[WHAT THE TASK ASKS]
Your reply should be an exact copy of every entry, with the pictures removed.

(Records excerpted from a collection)
[Start of Attachment]

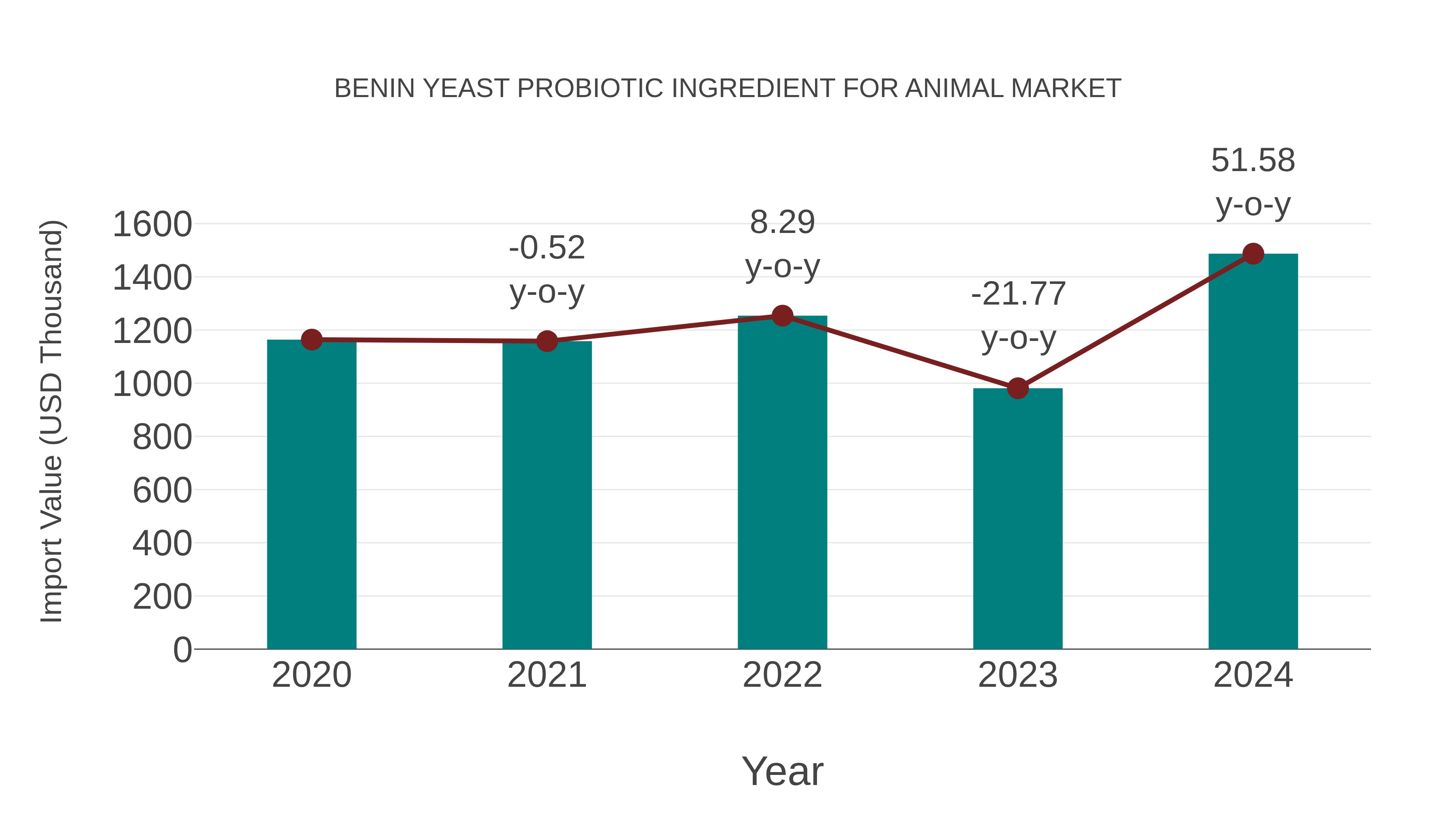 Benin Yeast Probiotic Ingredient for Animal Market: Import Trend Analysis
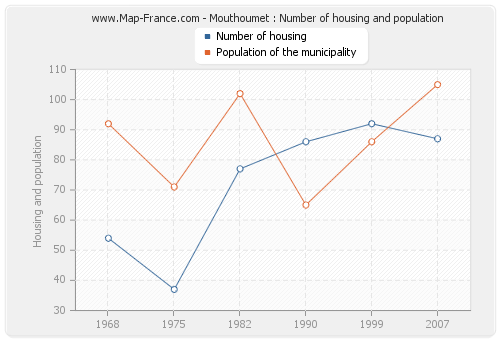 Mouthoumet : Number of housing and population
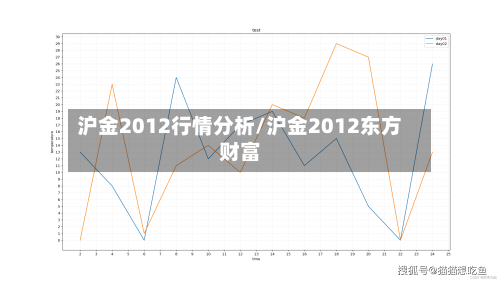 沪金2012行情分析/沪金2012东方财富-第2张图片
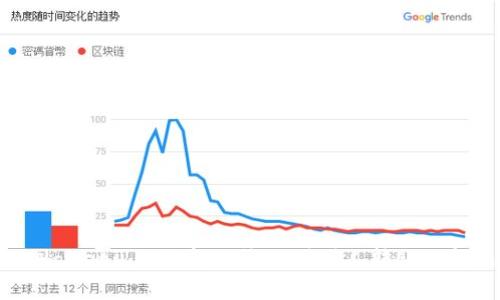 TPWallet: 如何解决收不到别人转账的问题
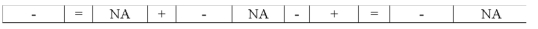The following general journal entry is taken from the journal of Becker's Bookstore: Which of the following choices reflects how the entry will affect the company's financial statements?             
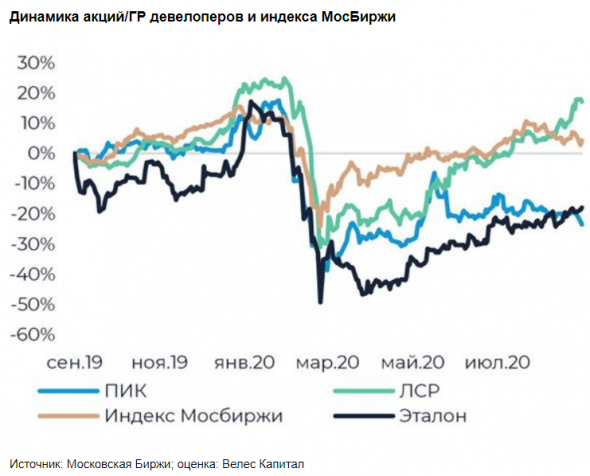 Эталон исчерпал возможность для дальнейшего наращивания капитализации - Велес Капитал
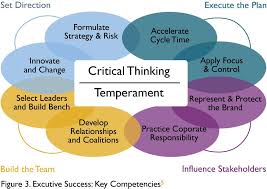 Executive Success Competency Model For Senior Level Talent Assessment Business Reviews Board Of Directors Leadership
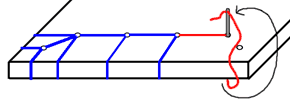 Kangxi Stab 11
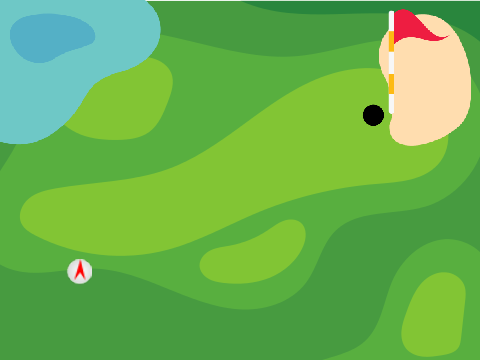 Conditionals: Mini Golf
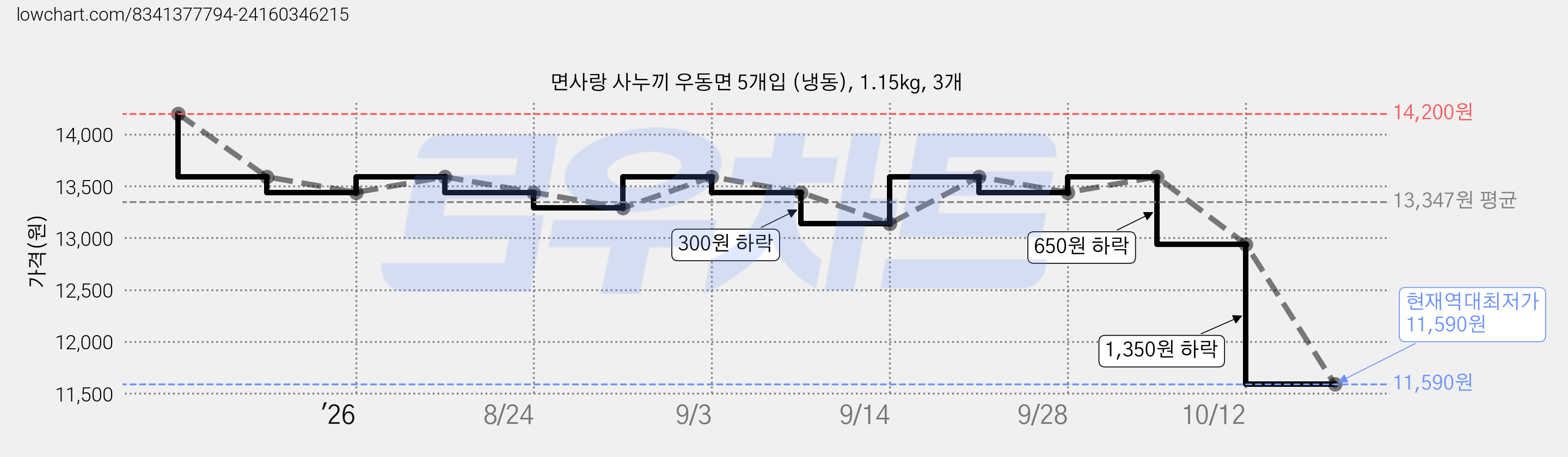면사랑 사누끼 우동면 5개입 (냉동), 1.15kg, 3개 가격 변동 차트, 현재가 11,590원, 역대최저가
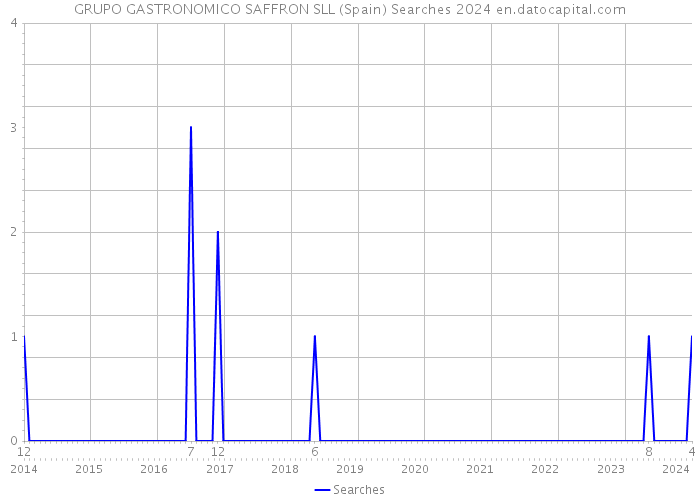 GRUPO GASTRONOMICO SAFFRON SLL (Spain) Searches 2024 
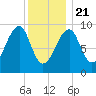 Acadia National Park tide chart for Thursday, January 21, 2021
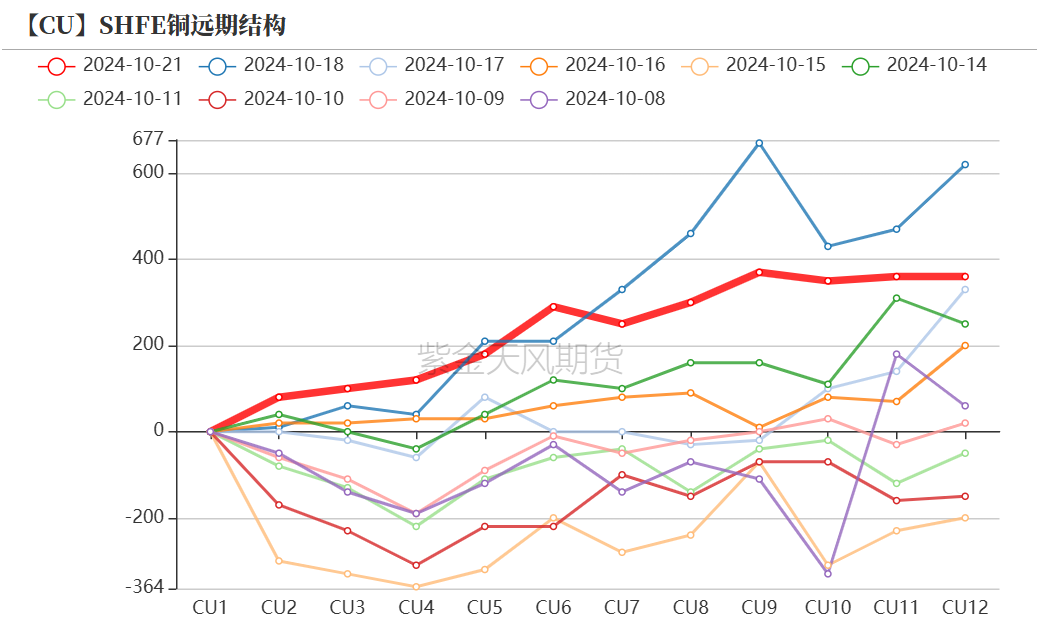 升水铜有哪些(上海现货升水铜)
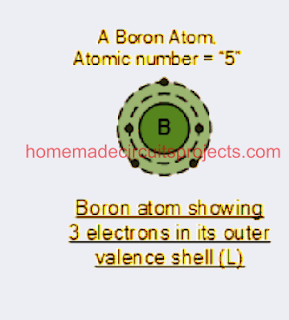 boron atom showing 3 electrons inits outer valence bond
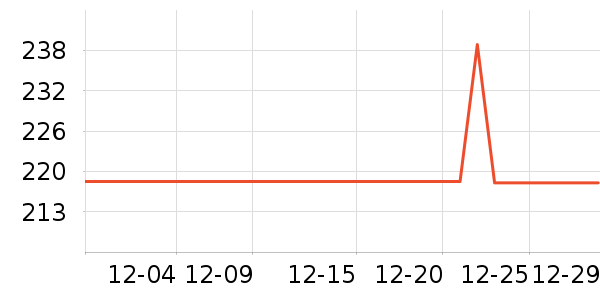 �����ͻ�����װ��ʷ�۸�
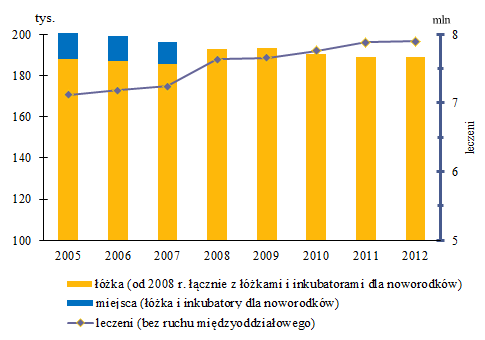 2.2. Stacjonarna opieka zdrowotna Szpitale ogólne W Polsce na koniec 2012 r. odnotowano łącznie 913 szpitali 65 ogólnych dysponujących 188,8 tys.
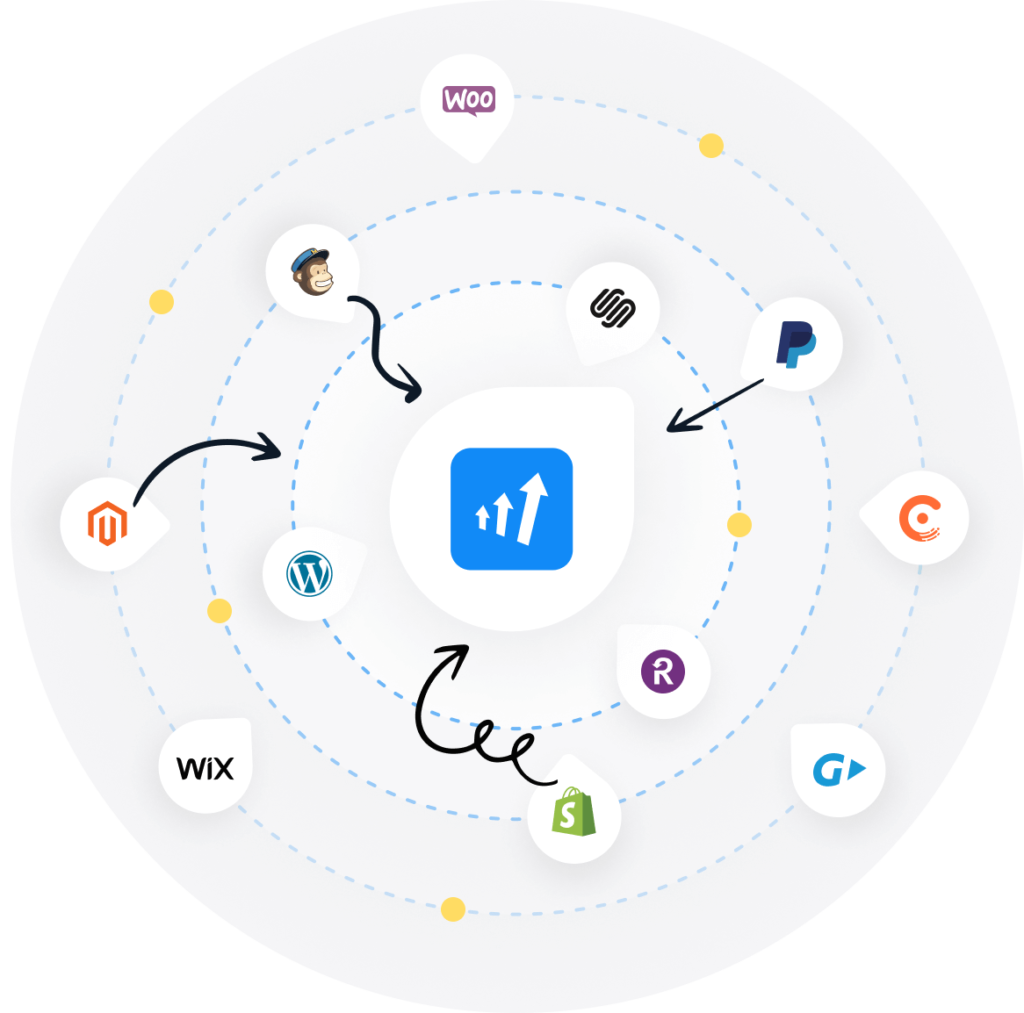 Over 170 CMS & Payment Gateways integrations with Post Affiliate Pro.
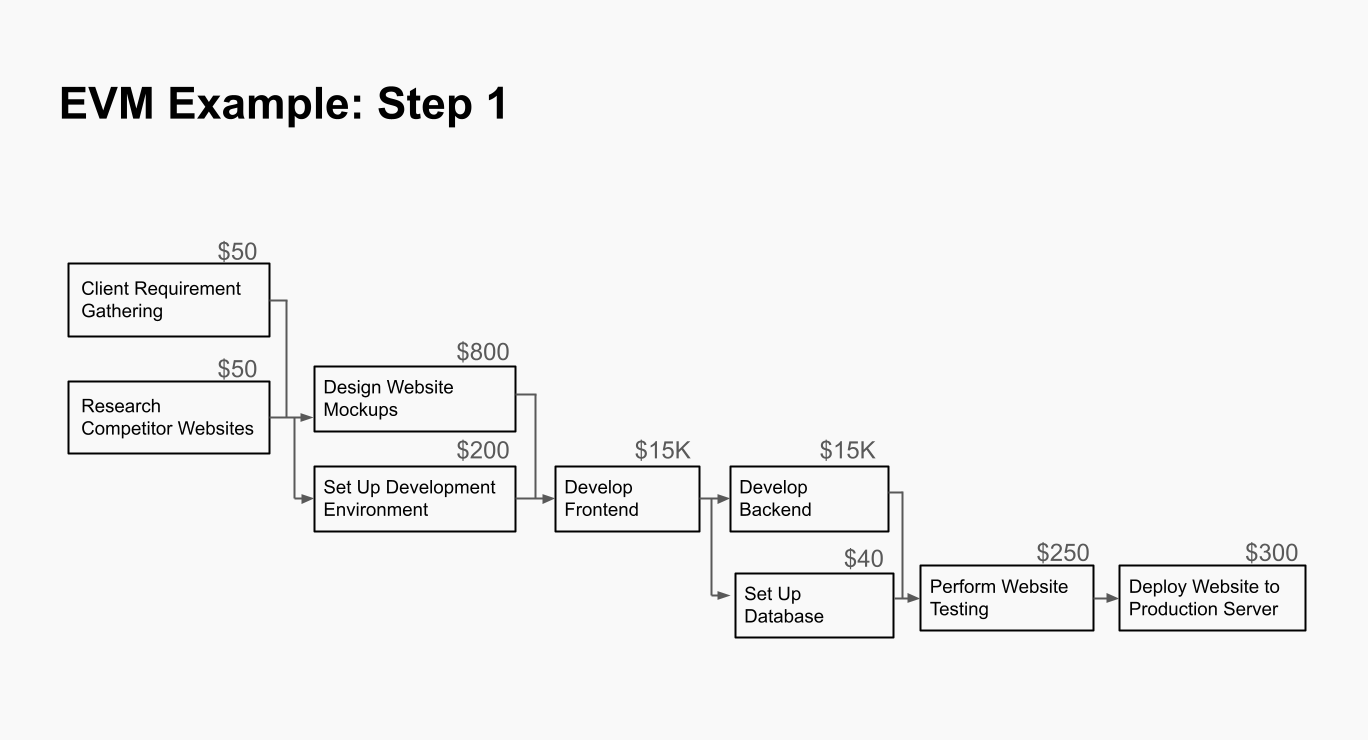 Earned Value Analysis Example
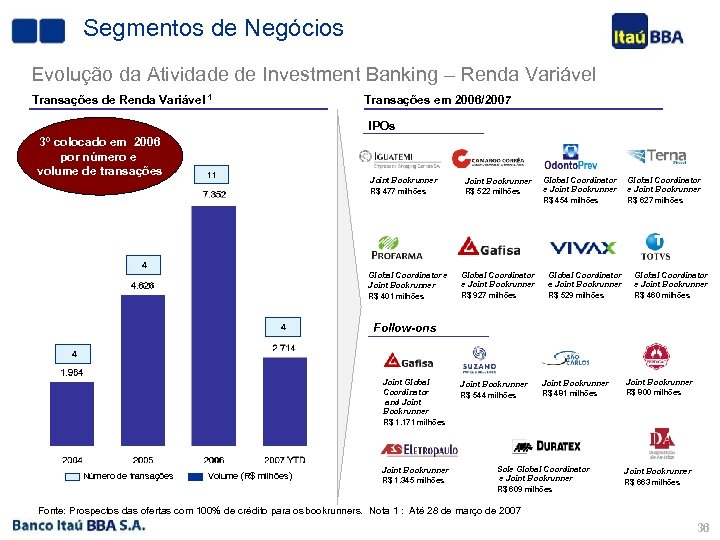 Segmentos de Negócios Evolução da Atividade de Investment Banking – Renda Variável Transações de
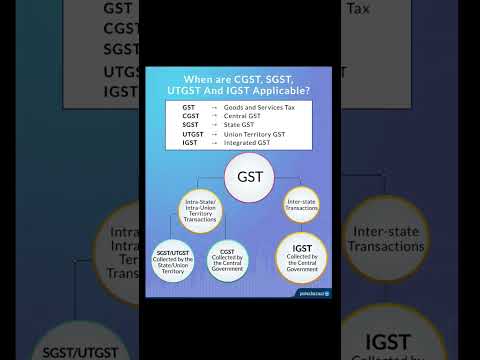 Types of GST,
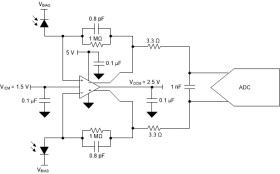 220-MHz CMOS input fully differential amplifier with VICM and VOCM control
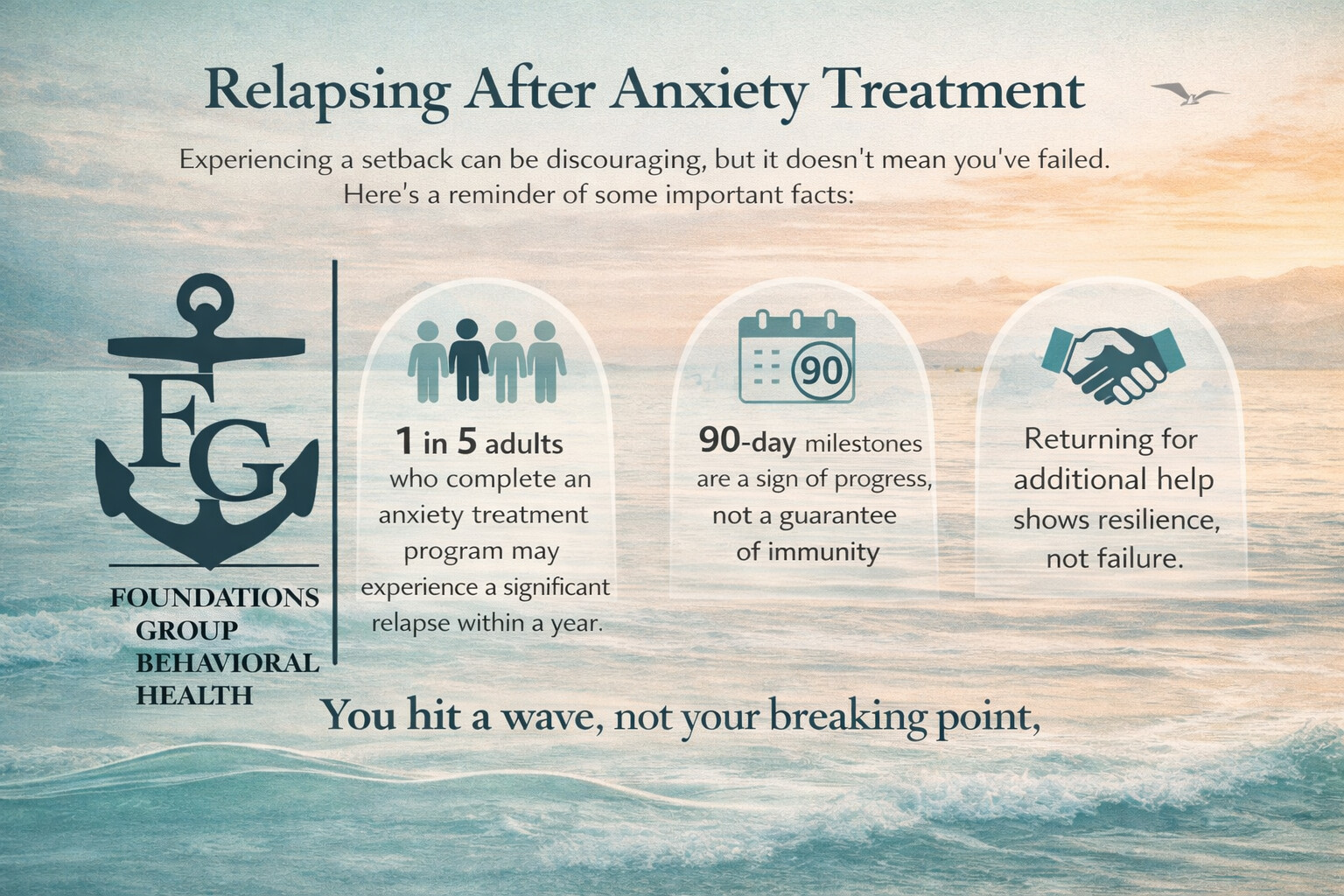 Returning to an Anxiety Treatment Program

[End of Attachment]

[WRITTEN RESPONSE]
 Benin Yeast Probiotic Ingredient for Animal Market: Import Trend Analysis
 Mouthoumet : Number of housing and population
 沪金2012行情分析/沪金2012东方财富-第2张图片
 TPWallet: 如何解决收不到别人转账的问题
The following general journal entry is taken from the journal of Becker's Bookstore: Which of the following choices reflects how the entry will affect the company's financial statements?             
 Эталон исчерпал возможность для дальнейшего наращивания капитализации - Велес Капитал
 Executive Success Competency Model For Senior Level Talent Assessment Business Reviews Board Of Directors Leadership
 Kangxi Stab 11
 Conditionals: Mini Golf
면사랑 사누끼 우동면 5개입 (냉동), 1.15kg, 3개 가격 변동 차트, 현재가 11,590원, 역대최저가
 GRUPO GASTRONOMICO SAFFRON SLL (Spain) Searches 2024 
 Acadia National Park tide chart for Thursday, January 21, 2021
 升水铜有哪些(上海现货升水铜)
 boron atom showing 3 electrons inits outer valence bond
 �����ͻ�����װ��ʷ�۸�
 2.2. Stacjonarna opieka zdrowotna Szpitale ogólne W Polsce na koniec 2012 r. odnotowano łącznie 913 szpitali 65 ogólnych dysponujących 188,8 tys.
 Over 170 CMS & Payment Gateways integrations with Post Affiliate Pro.
 Earned Value Analysis Example
 Segmentos de Negócios Evolução da Atividade de Investment Banking – Renda Variável Transações de
 Types of GST,
 220-MHz CMOS input fully differential amplifier with VICM and VOCM control
 Returning to an Anxiety Treatment Program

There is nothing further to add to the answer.